What, you think people tuned in because they're suddenly vested in finding out who the best gymnast or sprinter in the world is? Don't be ridiculous. They're glued to that new television set in the living room because they're patriotic as hell—at least once every couple of years—and because they don't want to be left out when the chatter around the water cooler the next morning invariably turns to the previous day's glorious rowing scene on the Thames.
MMA fans want to see their sport on the world's biggest stage. I can't blame them. When one of the featured events of the last few television broadcasts was a bunch of people flopping around on a trampoline, it's tough not to imagine mixed martial arts as a featured event. And hey, the Olympics already have boxing, wrestling and judo, so why not combine them all together and save time? Everybody wins. Right?
Well, not really. And there's a good reason that MMA will never, ever be a sanctioned athletic event in any Olympic games: because it's just too violent.
Imagine, if you will, doing the Ultimate Fighter tournament with sixteen dudes. This is just a theoretical tournament, by the way. And imagine that this tournament, instead of taking place during television tapings that lasts six or seven weeks, must instead take place over the course or two or three days.
That, in a nutshell, is why it will never work as an Olympic sport. The likeliness of completing any kind of tournament as originally conceived is incredibly low. Boxing is also an inherently violent sport, but Olympic boxing is a watered-down and greatly different sport than the one you throw down $70 on from time to time. Headgear and rule changes make it more of a point-fighting sport, which is mostly different from boxing altogether.
Do you want to see MMA take the same route? A bunch of you could barely contain your grief when Carlos Condit beat Nick Diaz using the same kind of style, so I cannot imagine the outcry we'd hear over the Olympics taking the same route as a whole. And make no mistake about it: if mixed martial arts made it to the Olympics (which it won't), it would be a highly-bastardized and much safer product than you see on television.
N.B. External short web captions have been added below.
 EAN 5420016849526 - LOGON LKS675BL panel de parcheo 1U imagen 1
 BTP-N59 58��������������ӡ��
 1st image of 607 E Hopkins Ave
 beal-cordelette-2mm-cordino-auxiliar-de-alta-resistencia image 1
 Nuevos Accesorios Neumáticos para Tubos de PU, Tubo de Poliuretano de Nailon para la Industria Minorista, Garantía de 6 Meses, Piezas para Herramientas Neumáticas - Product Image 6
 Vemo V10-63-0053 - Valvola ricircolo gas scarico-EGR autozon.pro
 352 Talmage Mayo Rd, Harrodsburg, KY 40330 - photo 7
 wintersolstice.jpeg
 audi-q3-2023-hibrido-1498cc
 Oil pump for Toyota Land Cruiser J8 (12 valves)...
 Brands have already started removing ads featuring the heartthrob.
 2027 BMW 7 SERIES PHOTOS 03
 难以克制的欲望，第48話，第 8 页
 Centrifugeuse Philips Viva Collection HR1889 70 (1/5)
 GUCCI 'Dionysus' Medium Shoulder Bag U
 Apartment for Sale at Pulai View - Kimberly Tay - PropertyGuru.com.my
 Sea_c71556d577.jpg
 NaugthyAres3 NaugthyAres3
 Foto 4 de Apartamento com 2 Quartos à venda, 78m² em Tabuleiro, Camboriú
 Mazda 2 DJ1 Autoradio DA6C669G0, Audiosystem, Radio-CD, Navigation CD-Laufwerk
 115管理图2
Chances are you'd probably hate it.
But none of this matters, because it's never going to become a sanctioned sport. MMA fans should instead focus their efforts on getting Brazilian jiu-jitsu in front of the people who can help make the sport an Olympic reality. Or they should just watch wrestling, or judo, and see if they can pick out some of the people who might someday become future stars in MMA.
But please, just stop talking about MMA becoming an Olympic sport.